▶ _Dataset entries_:
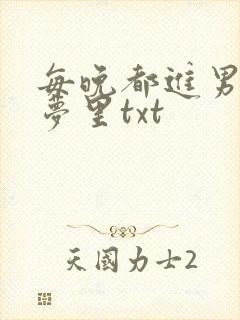 每晚都进男神的梦里txt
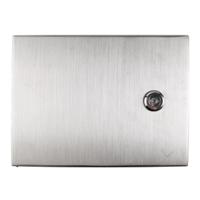842-8412 RS PRO 304 Stainless Steel Wall Box, IP66, 240 mm x 180 mm x 150mm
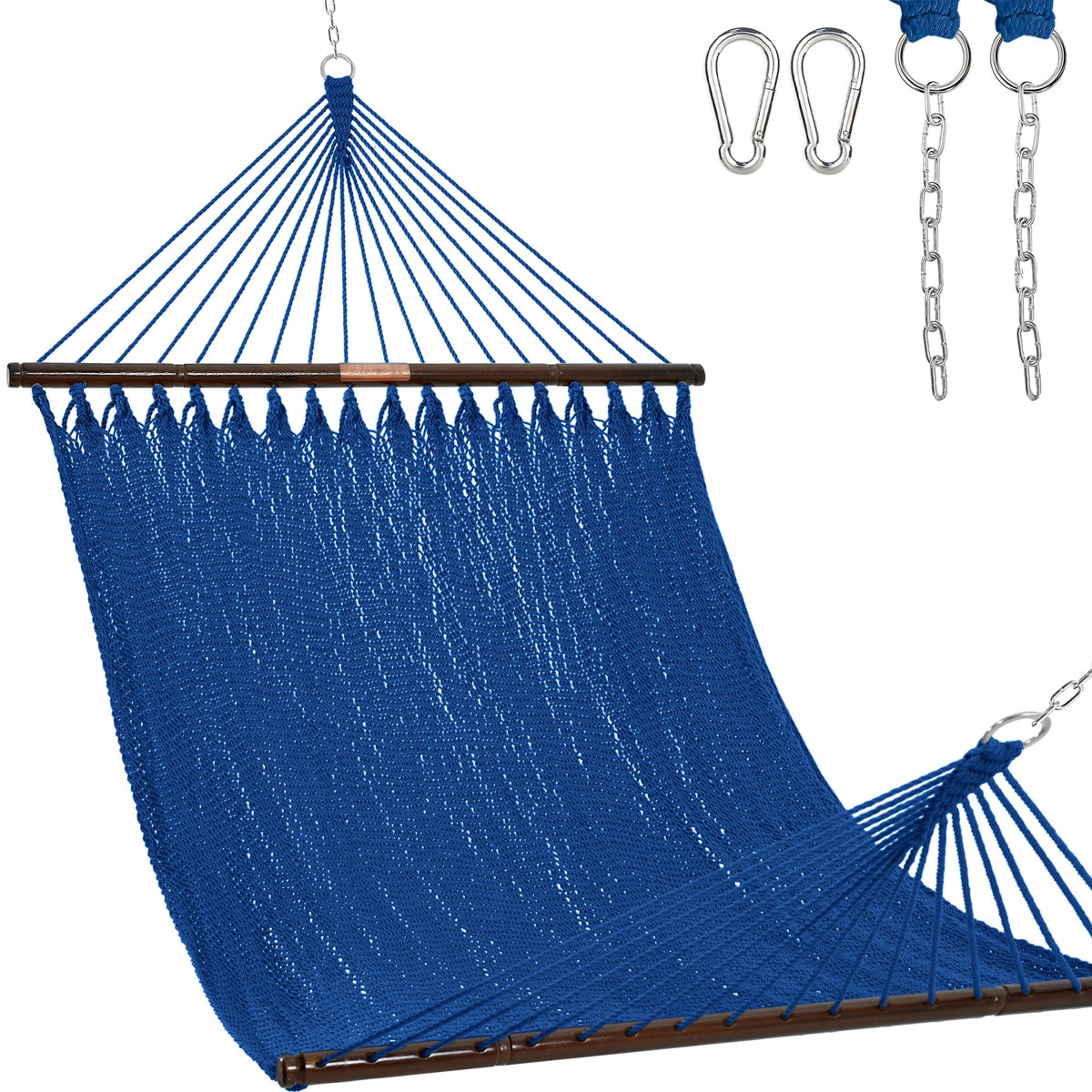 Lazy Daze 2 Person Caribbean Rope Hammock, Handwoven Double Hammock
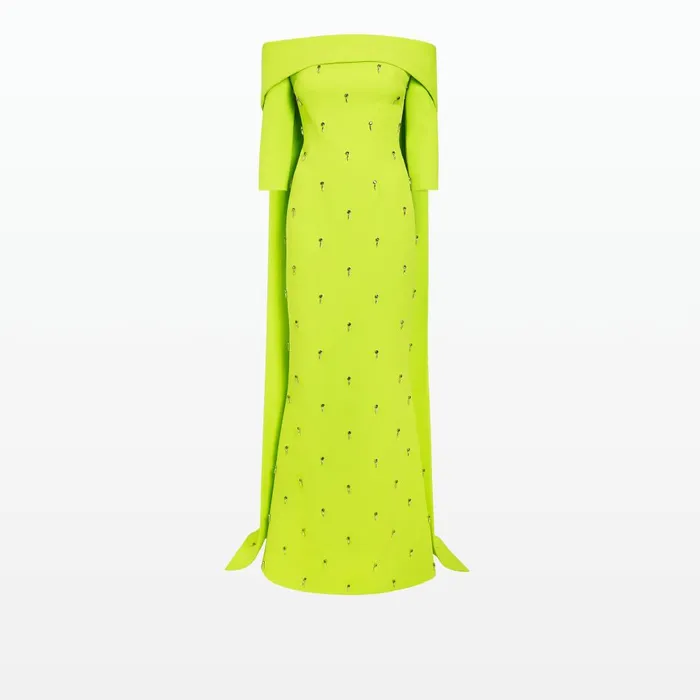 Safiyaa Soshin Tendershoots Long Dress With Bellara Harness Women Capes and Harnesses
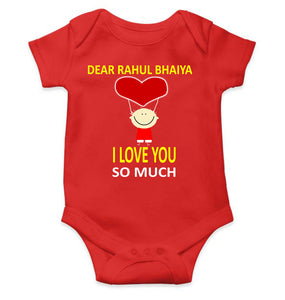 Custom Name I love My Bhaiya So Much Rompers for Baby Boy- KidsFashionVilla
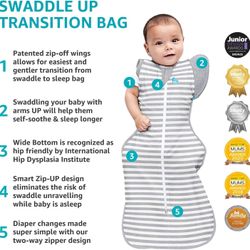 Love to Dream Swaddle UP Zip Off Wings Transition to Arms Free Size Large 19-24lb NEW CONDITION 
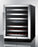 Summit - 24" 46-Bottle Dual-Zone ADA Compliant Wine Cooler (SWC530BLBISTADA) - Stainless Steel Glass Door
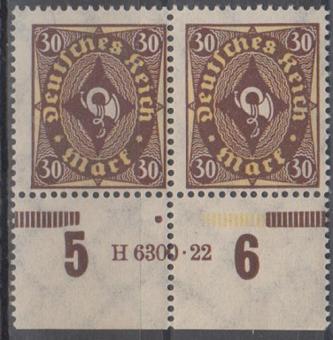 208 - Deutsches Reich Infla Nr. 208 P HAN 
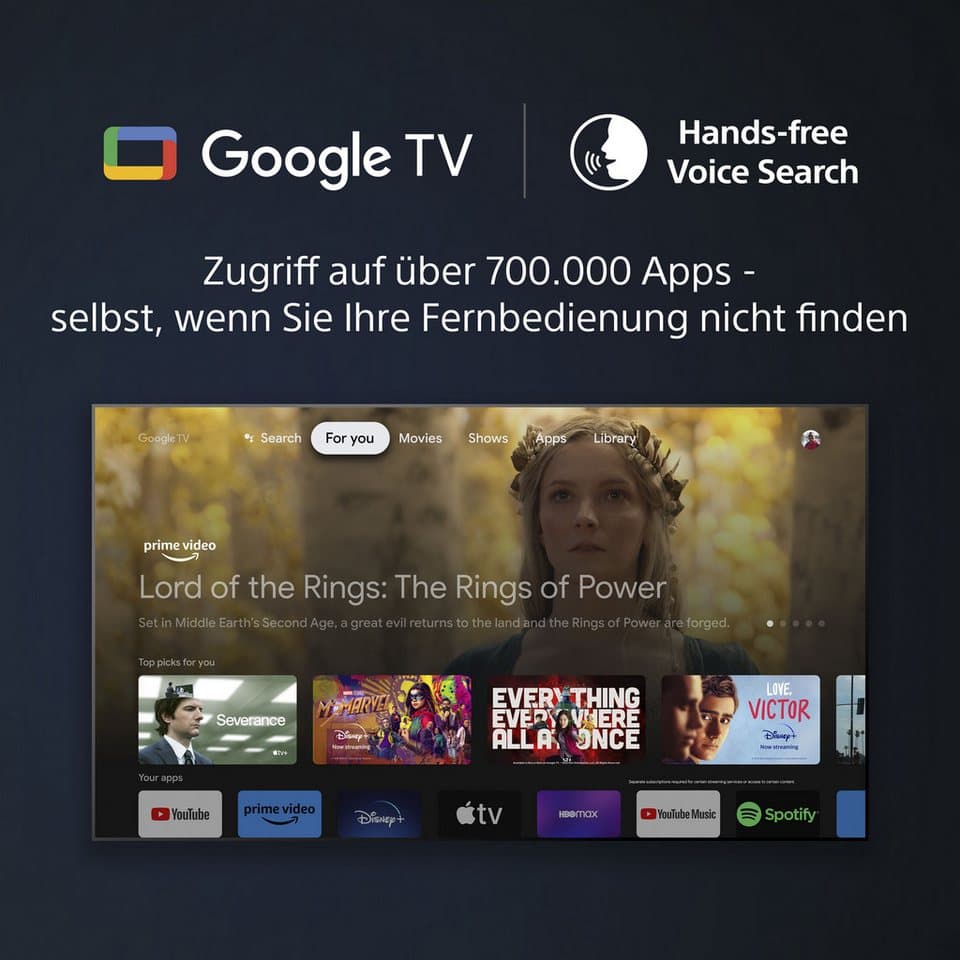 Sony K-77XR80 OLED-Fernseher (195 cm/77 Zoll, 4K Ultra HD, Smart-TV, Google TV, BRAVIA 8, 4K HDR, Dolby Vision, Gaming Funktionen für PlayStation 5) - Thumbnail 19
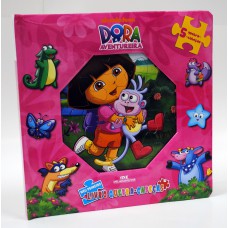 Dora, A Aventureira: Um Dia Com Dora - Meu Primeiro Livro De Quebra-cabeças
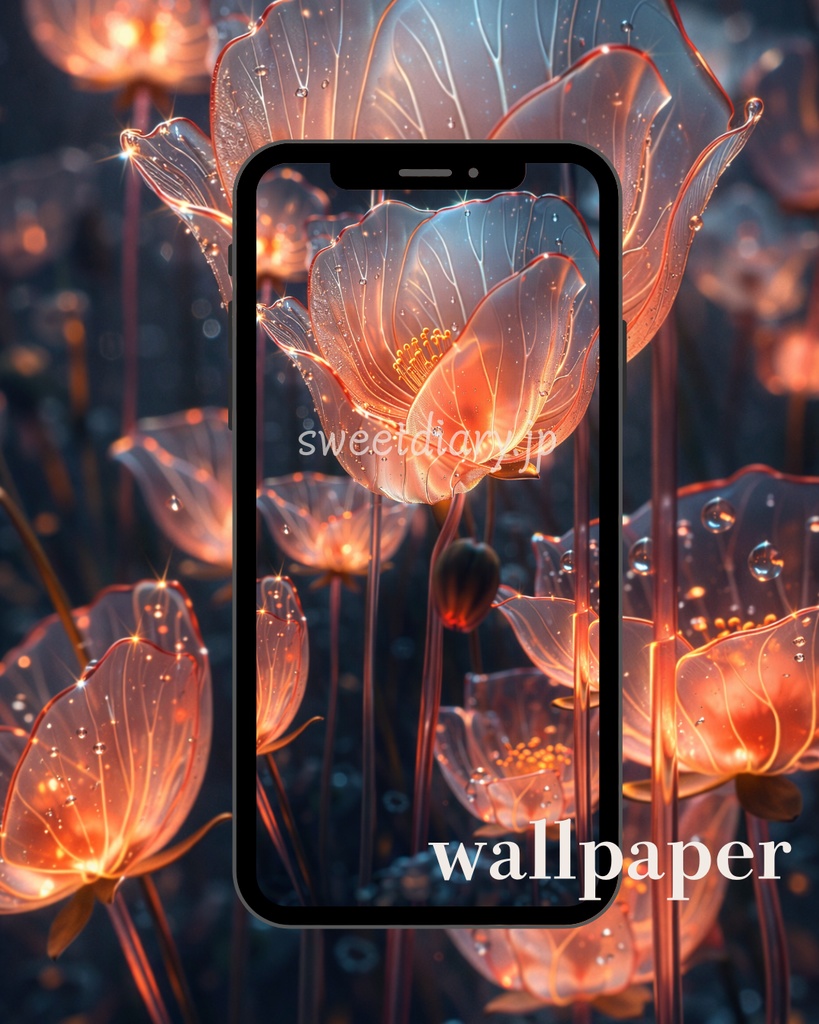 【全8枚セット】光を纏う透明な花々 - コレクション|sweet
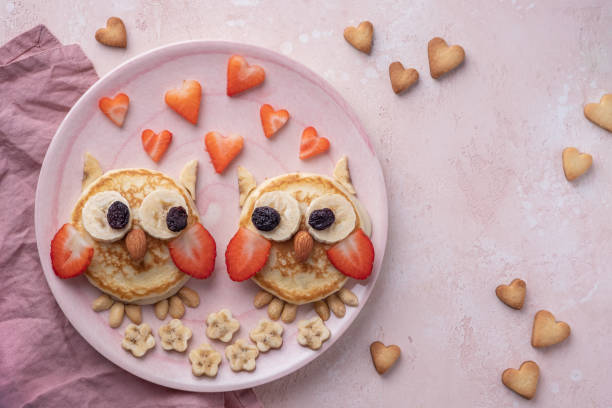 istock Owl pancakes for kids breakfast 1390840433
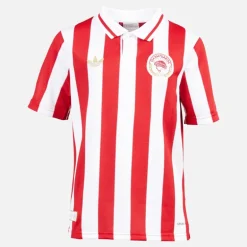 Junior Drenge OFC Olympiacos FC 100 24/​25 Hjemmebanetrøje Hvid/​Power Red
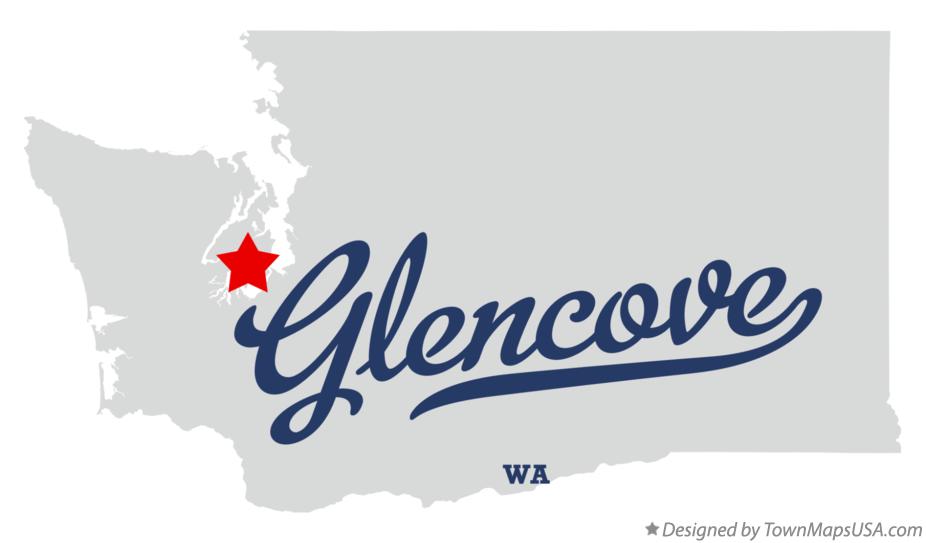 Map of Glencove Washington WA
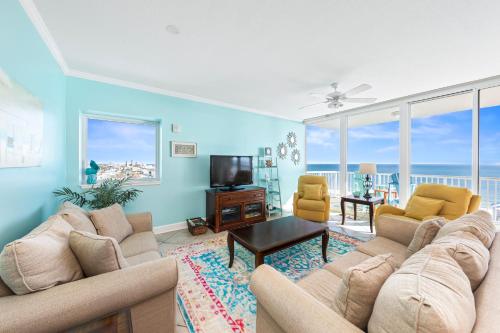 Spacious 3BR 3Bath 12th Floor, Million-Dollar Gulf Views thumb 4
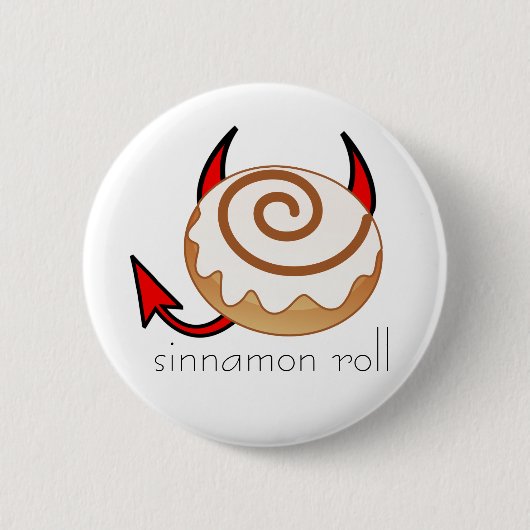 sinnamon Rolle Button (Vorderseite)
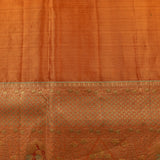 Golden Olive Heritage Bird Motif Kanjivaram Saree
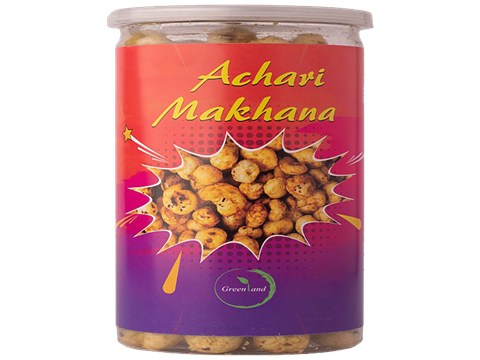 Greenland Roasted Makhana - Achari Flavour, Healthy Snack, 75 g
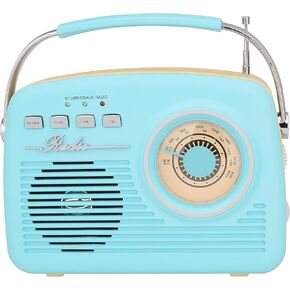 Supersonic SC-1201BT Retro Portable Bluetooth Speaker with Vintage Vibes, AM/FM Radio, USB/SD Card/AUX Inputs, in a Cute Old Fashion Style for Kitchen Desk Bedroom Decor Aesthetic Gift for Friend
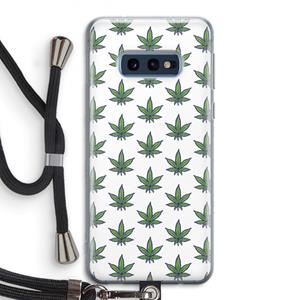 CaseCompany Weed: Samsung Galaxy S10e Transparant Hoesje met koord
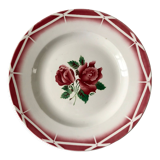 Round dish Digoin Sarreguemines model "Cibon" years 30-40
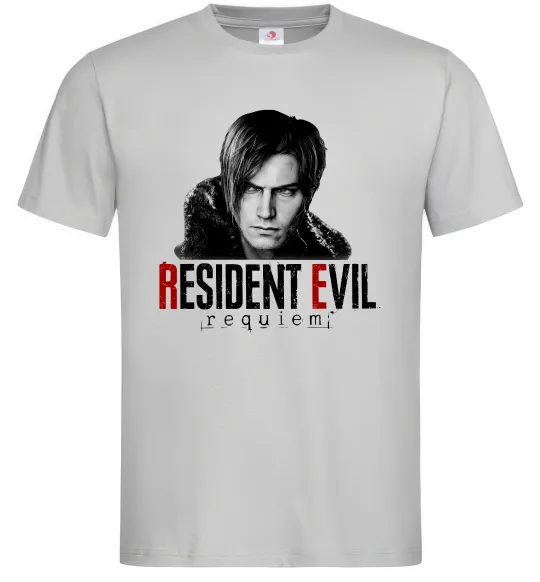 Чоловіча футболка Requiem Leon Kennedy Сірий фото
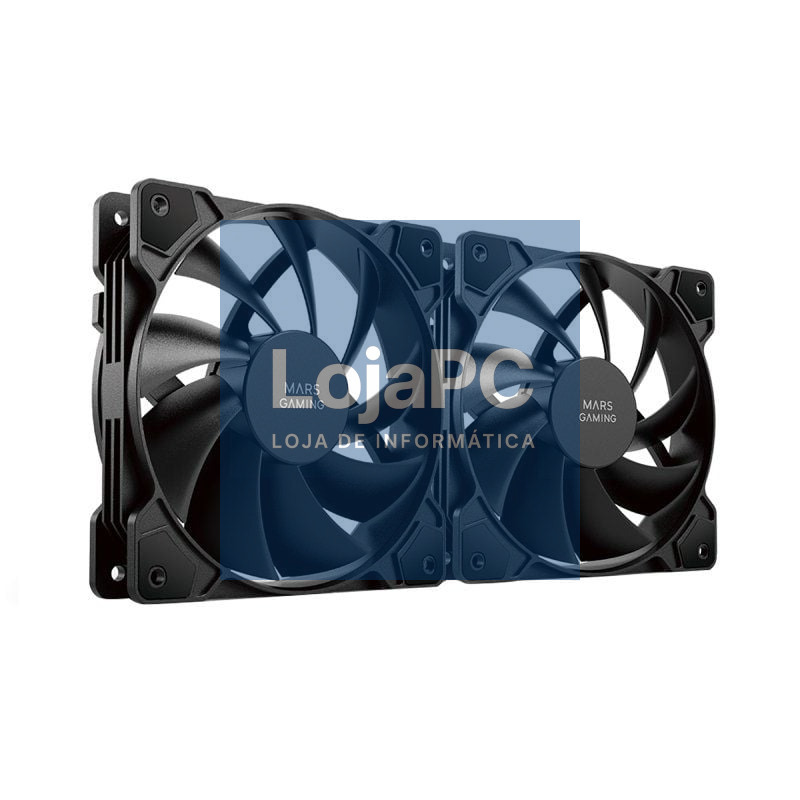 Pack 2 Ventoinhas Mars Gaming MF-PWMX2/ 12cm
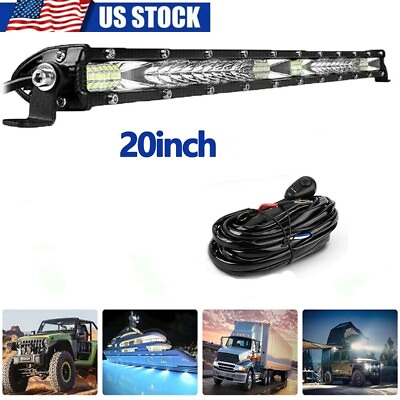 #ad #ad 20 inch Slim LED Work Light Bar Spot Flood Combo Lamp for SUV ATV Offroad Truck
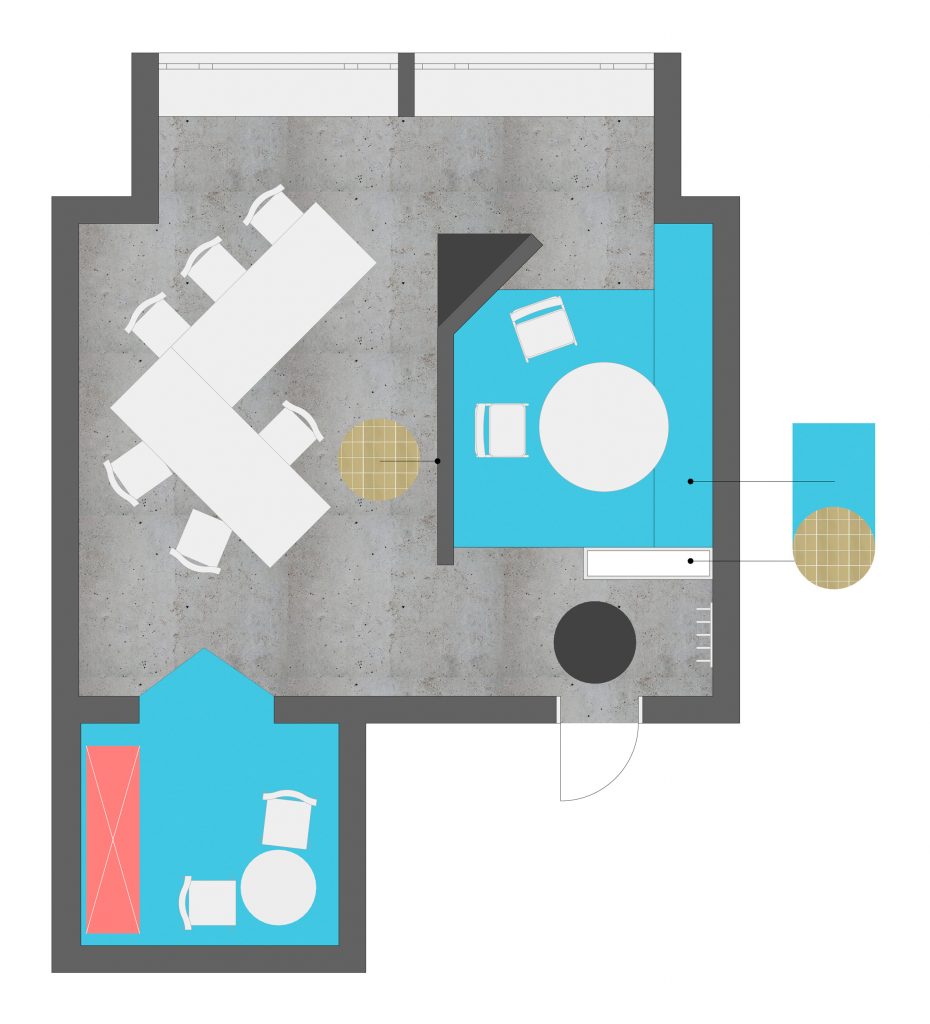 Rupor office designed by Dvekati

▶ _What is required_: The answer consists solely of the lines from the one holding "Round dish Digoin" through the final line of the records, both ends included, each duplicated exactly. Leave images out.

▶ _Exercise solution_:
 Round dish Digoin Sarreguemines model "Cibon" years 30-40
 Чоловіча футболка Requiem Leon Kennedy Сірий фото
 Pack 2 Ventoinhas Mars Gaming MF-PWMX2/ 12cm
 #ad #ad 20 inch Slim LED Work Light Bar Spot Flood Combo Lamp for SUV ATV Offroad Truck
 Rupor office designed by Dvekati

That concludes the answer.